## The task
The line containing "milacarecfest.com" and every line after it through the end of the records: return those exactly, and nothing more.

## Dataset records
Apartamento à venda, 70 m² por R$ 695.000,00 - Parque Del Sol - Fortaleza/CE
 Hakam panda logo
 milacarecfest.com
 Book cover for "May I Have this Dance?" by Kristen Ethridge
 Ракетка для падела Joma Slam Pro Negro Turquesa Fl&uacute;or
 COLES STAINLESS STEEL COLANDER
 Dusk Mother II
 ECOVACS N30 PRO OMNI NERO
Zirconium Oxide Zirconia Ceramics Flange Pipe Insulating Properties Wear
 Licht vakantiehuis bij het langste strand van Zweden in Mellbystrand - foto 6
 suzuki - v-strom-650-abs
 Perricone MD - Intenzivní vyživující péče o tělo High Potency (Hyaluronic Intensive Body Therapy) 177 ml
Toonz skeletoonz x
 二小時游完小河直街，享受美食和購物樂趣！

## Task solution
 milacarecfest.com
 Book cover for "May I Have this Dance?" by Kristen Ethridge
 Ракетка для падела Joma Slam Pro Negro Turquesa Fl&uacute;or
 COLES STAINLESS STEEL COLANDER
 Dusk Mother II
 ECOVACS N30 PRO OMNI NERO
Zirconium Oxide Zirconia Ceramics Flange Pipe Insulating Properties Wear
 Licht vakantiehuis bij het langste strand van Zweden in Mellbystrand - foto 6
 suzuki - v-strom-650-abs
 Perricone MD - Intenzivní vyživující péče o tělo High Potency (Hyaluronic Intensive Body Therapy) 177 ml
Toonz skeletoonz x
 二小時游完小河直街，享受美食和購物樂趣！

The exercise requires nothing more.